Tom Tan
by Tom Tan

Tags

  • Deep Learning
  • Machine Learning
  • Python
  • Time Series
🚩 Keywords: LightGBM, LSTM, GRU, ERCOT, Energy Markets, SHAP, Rolling-Origin CV GitHub

This project was completed by Jessalyn Chuang, Neha Manish Shah, Michelle Schultze, and Zixiao Tan (Prairie Dog Team) for the Spring 2025 section of IDS 705: Principles of Machine Learning at Duke University.

Overview

Electricity prices in wholesale energy markets are notoriously volatile, driven by demand spikes, renewable intermittency, and fuel cost fluctuations. Accurate short-term price forecasting enables grid operators, traders, and policymakers to make better decisions. This project benchmarks tree-based and deep learning models for forecasting ERCOT (Electric Reliability Council of Texas) hub prices across multiple time horizons using only publicly available data.

Target Variable

ERCOT Average Hub Real-Time Locational Marginal Price (LMP) — the wholesale electricity price ($/MWh) at the system hub, sampled hourly.

ERCOT LMP Price Trend (2018–2025)

Data Sources

Source Features
GridStatus.io Real-time ERCOT load, generation fuel mix (wind, solar, gas, coal), solar generation
EIA (Energy Information Administration) Regional electricity demand and supply statistics
Plano, TX Weather Station Hourly dry-bulb and wet-bulb temperatures
Henry Hub Natural Gas Daily spot prices
  • Time period: 2018 – 2025
  • Granularity: Hourly (aligned via forward-fill for daily series)
  • Processed dataset: ~60,000 hourly observations after cleaning

Feature Engineering

  • Lagged LMP values (1h, 24h, 168h)
  • Hour-of-day, day-of-week, month cyclical encodings
  • Rolling means and standard deviations of load and generation
  • Wet-bulb temperature (heat stress proxy)
  • Natural gas price as fuel cost signal

Models

Model Type Best For
LightGBM Gradient Boosted Trees 1-hour ahead forecasting
XGBoost Gradient Boosted Trees Baseline comparison
LSTM Recurrent Neural Network 1-day ahead forecasting
GRU Recurrent Neural Network 1-day ahead forecasting

Hyperparameters tuned using Optuna (Bayesian optimization). All models evaluated on rolling-origin cross-validation — a time-aware resampling strategy that prevents data leakage.

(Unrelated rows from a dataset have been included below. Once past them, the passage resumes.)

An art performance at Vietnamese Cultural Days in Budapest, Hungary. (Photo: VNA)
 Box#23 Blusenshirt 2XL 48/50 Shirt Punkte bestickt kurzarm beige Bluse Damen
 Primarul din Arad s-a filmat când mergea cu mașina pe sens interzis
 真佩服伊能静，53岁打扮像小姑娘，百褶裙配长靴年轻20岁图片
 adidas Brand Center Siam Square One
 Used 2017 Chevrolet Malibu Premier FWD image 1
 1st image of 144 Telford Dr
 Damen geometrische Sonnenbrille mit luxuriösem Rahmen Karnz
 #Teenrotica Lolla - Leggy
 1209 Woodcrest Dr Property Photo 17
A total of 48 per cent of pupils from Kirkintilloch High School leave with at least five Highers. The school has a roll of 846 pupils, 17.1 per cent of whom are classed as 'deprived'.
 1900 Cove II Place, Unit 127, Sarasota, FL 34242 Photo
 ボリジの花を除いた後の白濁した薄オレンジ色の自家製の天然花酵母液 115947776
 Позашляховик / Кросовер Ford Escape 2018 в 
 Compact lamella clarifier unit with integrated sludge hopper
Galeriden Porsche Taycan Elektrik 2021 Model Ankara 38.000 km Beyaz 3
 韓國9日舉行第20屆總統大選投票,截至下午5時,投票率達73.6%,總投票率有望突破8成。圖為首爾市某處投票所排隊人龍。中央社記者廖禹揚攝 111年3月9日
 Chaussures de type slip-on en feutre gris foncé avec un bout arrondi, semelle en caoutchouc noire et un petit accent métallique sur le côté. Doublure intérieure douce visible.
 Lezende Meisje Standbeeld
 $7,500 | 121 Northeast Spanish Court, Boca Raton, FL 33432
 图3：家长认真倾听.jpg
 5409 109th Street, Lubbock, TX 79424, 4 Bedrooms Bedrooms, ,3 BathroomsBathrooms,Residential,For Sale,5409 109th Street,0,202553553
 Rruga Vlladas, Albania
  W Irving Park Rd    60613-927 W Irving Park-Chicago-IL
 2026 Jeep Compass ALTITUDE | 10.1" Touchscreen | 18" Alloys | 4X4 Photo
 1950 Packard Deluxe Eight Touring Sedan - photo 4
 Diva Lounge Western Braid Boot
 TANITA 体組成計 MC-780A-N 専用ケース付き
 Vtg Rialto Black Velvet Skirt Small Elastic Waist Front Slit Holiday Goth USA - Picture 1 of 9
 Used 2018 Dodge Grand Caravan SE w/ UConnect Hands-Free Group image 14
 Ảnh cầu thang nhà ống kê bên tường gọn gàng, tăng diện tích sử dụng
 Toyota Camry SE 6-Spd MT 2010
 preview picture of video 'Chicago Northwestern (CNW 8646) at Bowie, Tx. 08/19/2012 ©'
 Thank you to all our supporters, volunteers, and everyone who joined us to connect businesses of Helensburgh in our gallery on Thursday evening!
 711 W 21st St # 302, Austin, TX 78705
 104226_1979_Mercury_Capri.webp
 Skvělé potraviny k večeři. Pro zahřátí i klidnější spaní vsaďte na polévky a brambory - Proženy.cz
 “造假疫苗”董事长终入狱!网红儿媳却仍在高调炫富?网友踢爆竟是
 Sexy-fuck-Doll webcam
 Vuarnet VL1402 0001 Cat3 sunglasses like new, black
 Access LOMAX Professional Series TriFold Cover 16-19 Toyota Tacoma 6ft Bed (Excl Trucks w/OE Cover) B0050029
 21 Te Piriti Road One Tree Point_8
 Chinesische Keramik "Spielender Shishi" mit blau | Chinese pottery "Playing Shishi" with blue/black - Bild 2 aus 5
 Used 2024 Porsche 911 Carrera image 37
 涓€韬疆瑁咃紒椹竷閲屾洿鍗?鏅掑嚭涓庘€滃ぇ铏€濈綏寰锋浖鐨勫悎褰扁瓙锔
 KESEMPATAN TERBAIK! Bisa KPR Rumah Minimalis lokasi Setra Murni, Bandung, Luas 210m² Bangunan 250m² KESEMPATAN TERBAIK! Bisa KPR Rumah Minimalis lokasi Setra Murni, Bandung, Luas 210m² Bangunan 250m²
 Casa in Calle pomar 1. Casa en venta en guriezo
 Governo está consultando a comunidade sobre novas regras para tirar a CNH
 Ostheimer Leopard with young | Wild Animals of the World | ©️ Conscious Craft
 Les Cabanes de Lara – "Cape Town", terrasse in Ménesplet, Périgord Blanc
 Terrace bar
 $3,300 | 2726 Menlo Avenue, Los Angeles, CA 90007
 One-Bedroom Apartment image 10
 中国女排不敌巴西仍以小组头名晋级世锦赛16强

Rolling-Origin Cross-Validation Strategy

Results Summary

Horizon Best Model Key Metric
1-hour ahead LightGBM Lowest MAE & RMSE
1-day ahead LSTM / GRU Outperform tree methods
1-week ahead Mixed High uncertainty across all models

Observation: Tree-based models capture short-term autocorrelation efficiently; recurrent networks better model the multi-step temporal dependencies at the 1-day horizon.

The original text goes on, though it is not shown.